# THE TASK
Could you restate word for word only the lines below from the one holding "(268'860) - ASm" to the one holding "Meeste pikkade varrukatega", inclusive, and leave out the pictures?

[AVAILABLE RECORDS]

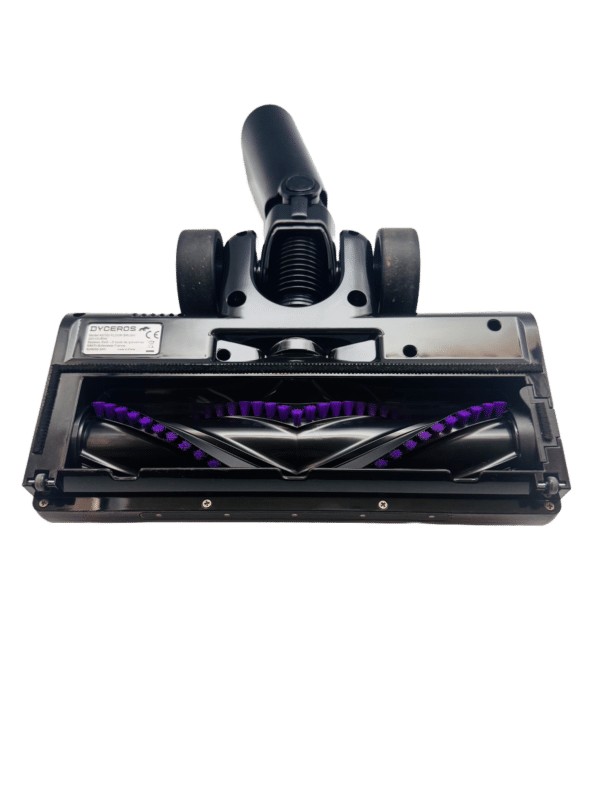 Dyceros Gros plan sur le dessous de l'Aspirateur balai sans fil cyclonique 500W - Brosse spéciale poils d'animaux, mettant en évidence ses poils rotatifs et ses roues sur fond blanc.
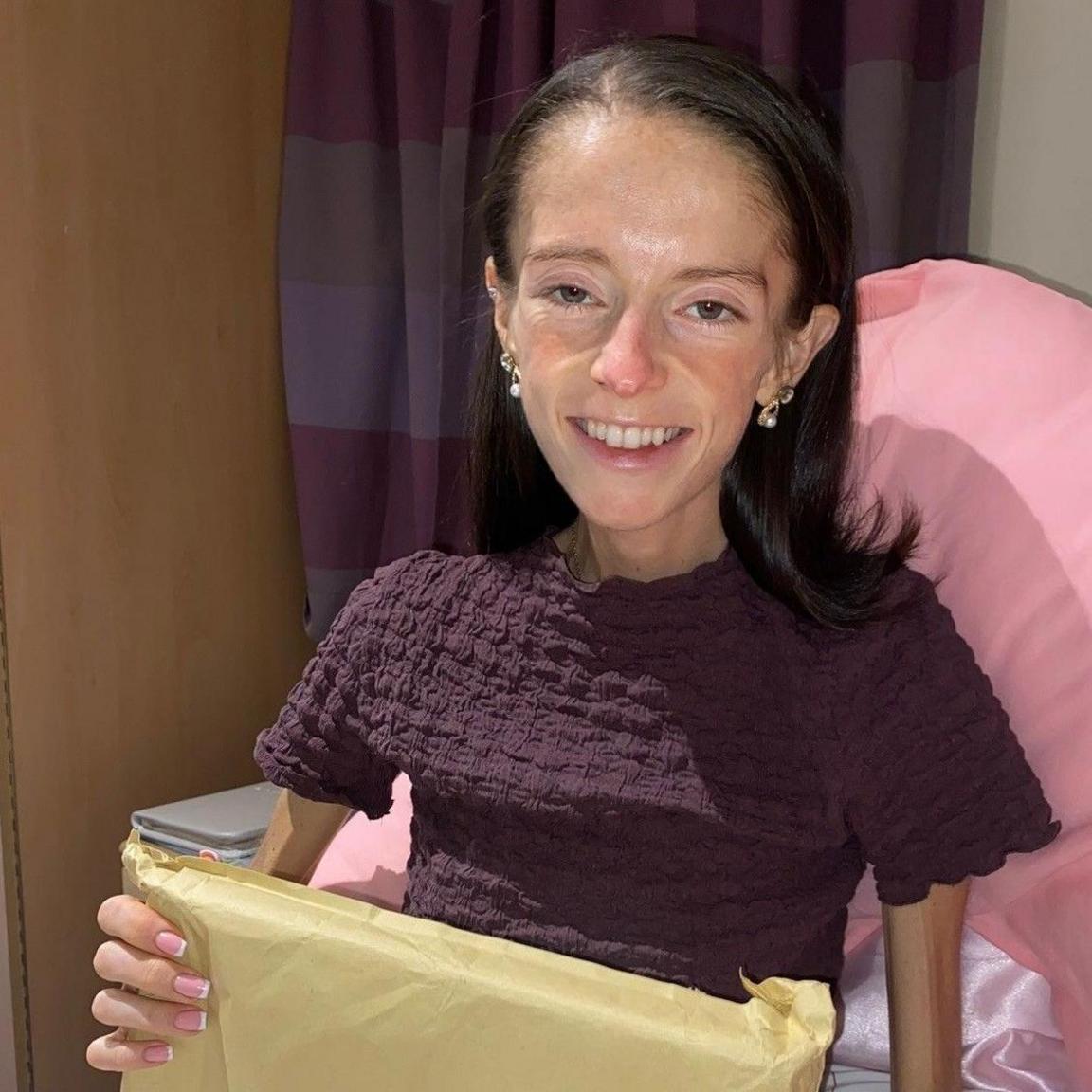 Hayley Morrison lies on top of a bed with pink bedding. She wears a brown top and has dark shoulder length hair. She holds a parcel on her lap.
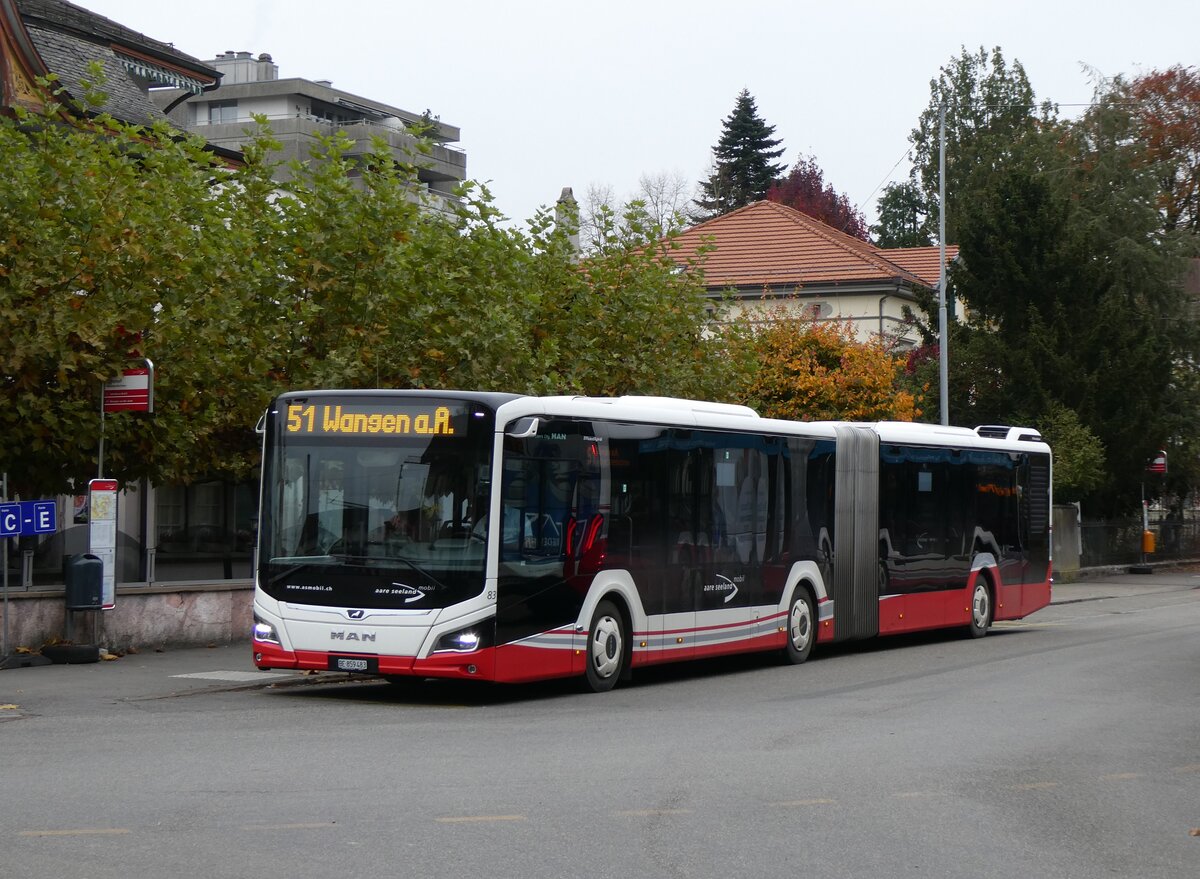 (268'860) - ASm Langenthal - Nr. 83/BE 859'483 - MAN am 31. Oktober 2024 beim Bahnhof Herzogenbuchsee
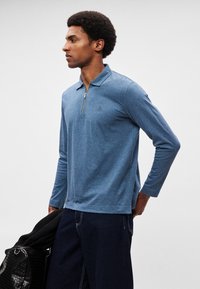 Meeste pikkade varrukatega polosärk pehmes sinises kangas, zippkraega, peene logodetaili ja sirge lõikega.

[/AVAILABLE RECORDS]
[AVAILABLE RECORDS]

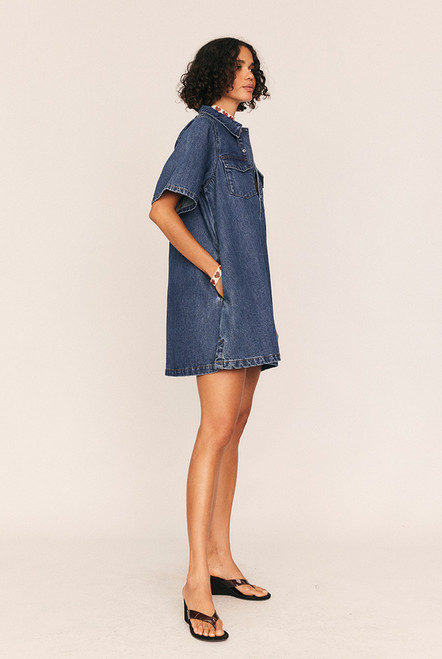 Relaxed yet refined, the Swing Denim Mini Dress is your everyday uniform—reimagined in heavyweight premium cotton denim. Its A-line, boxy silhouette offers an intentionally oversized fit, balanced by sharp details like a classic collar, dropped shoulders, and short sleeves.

[/AVAILABLE RECORDS]

# YOUR SOLUTION
 (268'860) - ASm Langenthal - Nr. 83/BE 859'483 - MAN am 31. Oktober 2024 beim Bahnhof Herzogenbuchsee
 Meeste pikkade varrukatega polosärk pehmes sinises kangas, zippkraega, peene logodetaili ja sirge lõikega.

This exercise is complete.